Open wi fi security

From Open Wi-Fi to WPA3

Security in Wi-Fi networks has been, at some point non-existent, then questioned, improved and questioned again over the last two decades.

The Wi-Fi certification is a certification program which is backed by the standards developed from the 802.11 IEEE Working Group. Wi-Fi certifications are issued by the Wi-Fi Alliance to devices that comply to one of their certifications, WPA2 [1] for example.

Wired Equivalent Privacy (WEP) was the first certification, testing devices for Wi-Fi security. According to IEEE [2] it was introduced in 1997. Following the published attacks on WEP [3] the certification got quickly replaced with a more secure version, WPA. WPA was only an intermediate change and got superseded by WPA2 in 2004, only one year after its introduction in 2003.

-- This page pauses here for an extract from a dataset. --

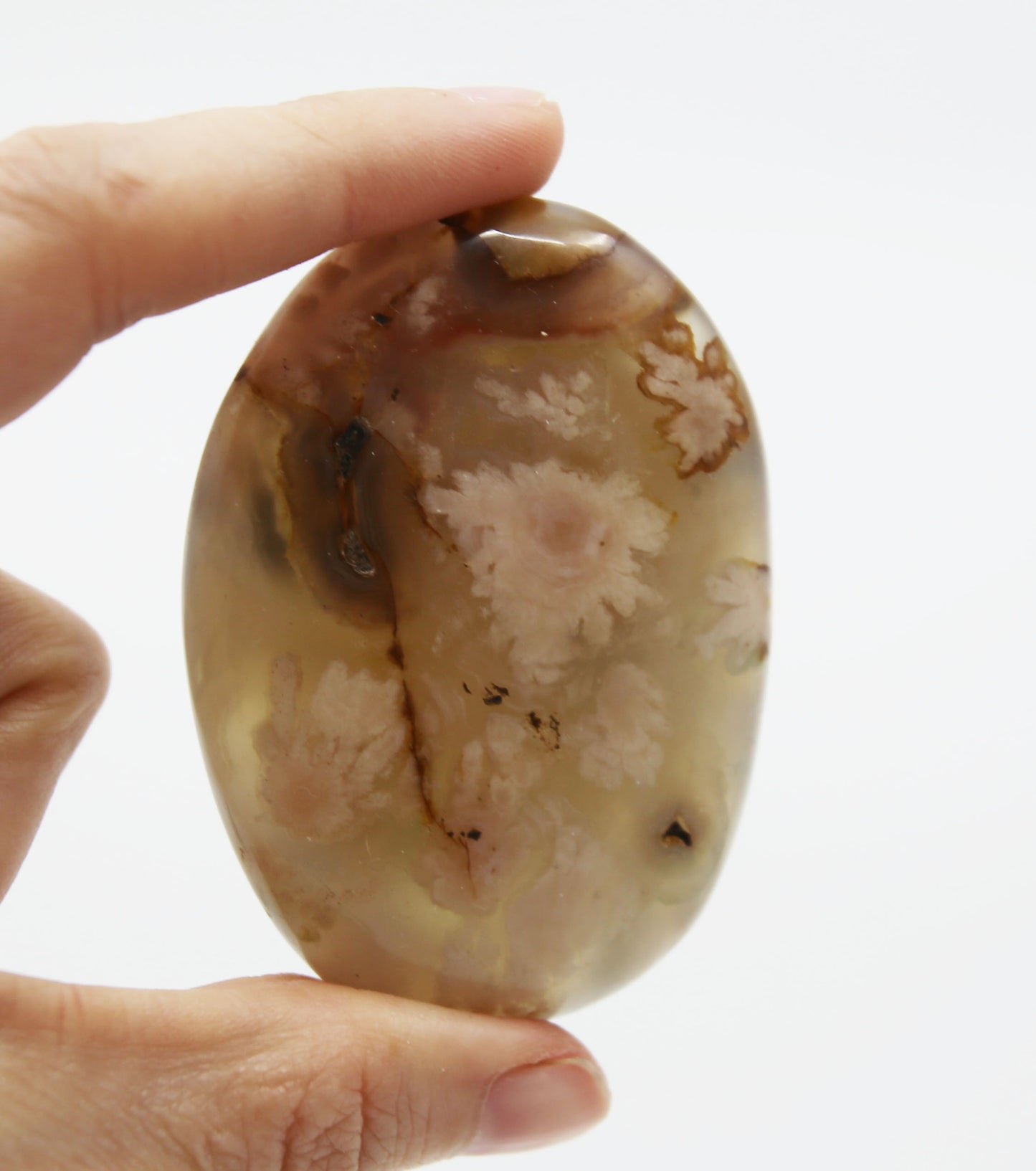 Flower Coral Agate Palm Stone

There are many tutorials about “cracking wifi” available on the internet. Most of those cover the aircrack-ng suite and show how to de-authenticate a client which is connected to a Wi-Fi network in preparation of later cracking the hopefully weak Pre-Shared-Key (PSK).
Those tutorials are mostly geared towards SOHO networks, which may have a valid point in attacking the Wi-Fi network at the weakest link, the password.
Even with the latest and patched firmware the security of WPA2-Personal networks heavily rely on the chosen PSK. Those attacks are well known for years, to mitigate those weaknesses the Wi-Fi alliance introduced WPA3.

How is WPA working?

Personal
WPA2-Personal uses a PSK in order to authenticate with the Wi-Fi network.

From the PSK a Pairwise Transient Key (PTK) is generated which is used to encrypt the traffic. The PTK is generated in the four-way handshake which is done between the client (station) and the Access Point.

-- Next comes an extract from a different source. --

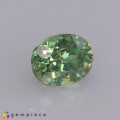 Natural Demantoid garnet 0.65 Carats Green Oval 5x4 mm Loose Gemstone - Image 4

The four-way handshake looks like this:

There is also a standard for corporate environments which is called WPA-Enterprise. While it is based on the same principals as the personal Wi-Fi a much broader range of possible authentication methods is available.

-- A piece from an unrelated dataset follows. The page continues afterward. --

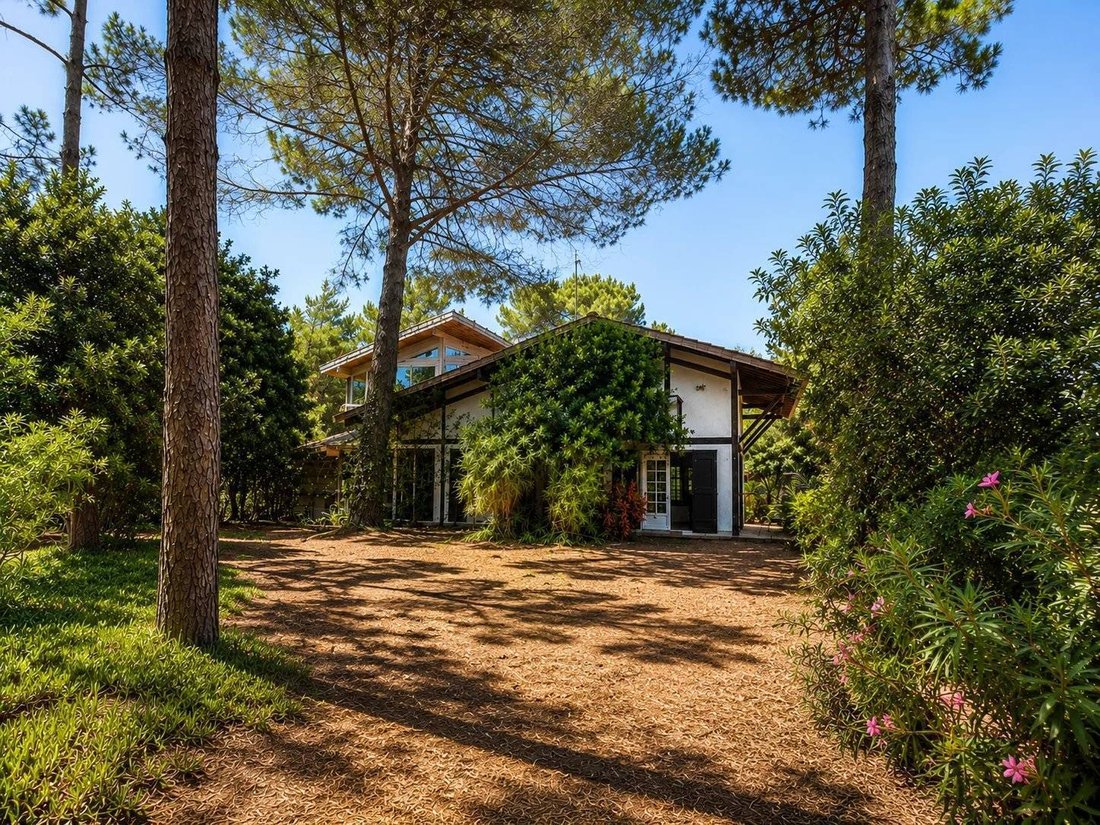 House in Centre Cap Ferret, Lège-Cap-Ferret, France 1 - 18236709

The main difference is that the supplicant (client) does not authenticate with the Access Point directly but rather with an authentication server which is in most cases a radius server. That allows to manage users in a central database.

The authentication method which provides the best security level is EAP-TLS it is based on x.509 certificates for authentication. There are further methods which are all grouped as Extensible Authentication Protocol (EAP) methods.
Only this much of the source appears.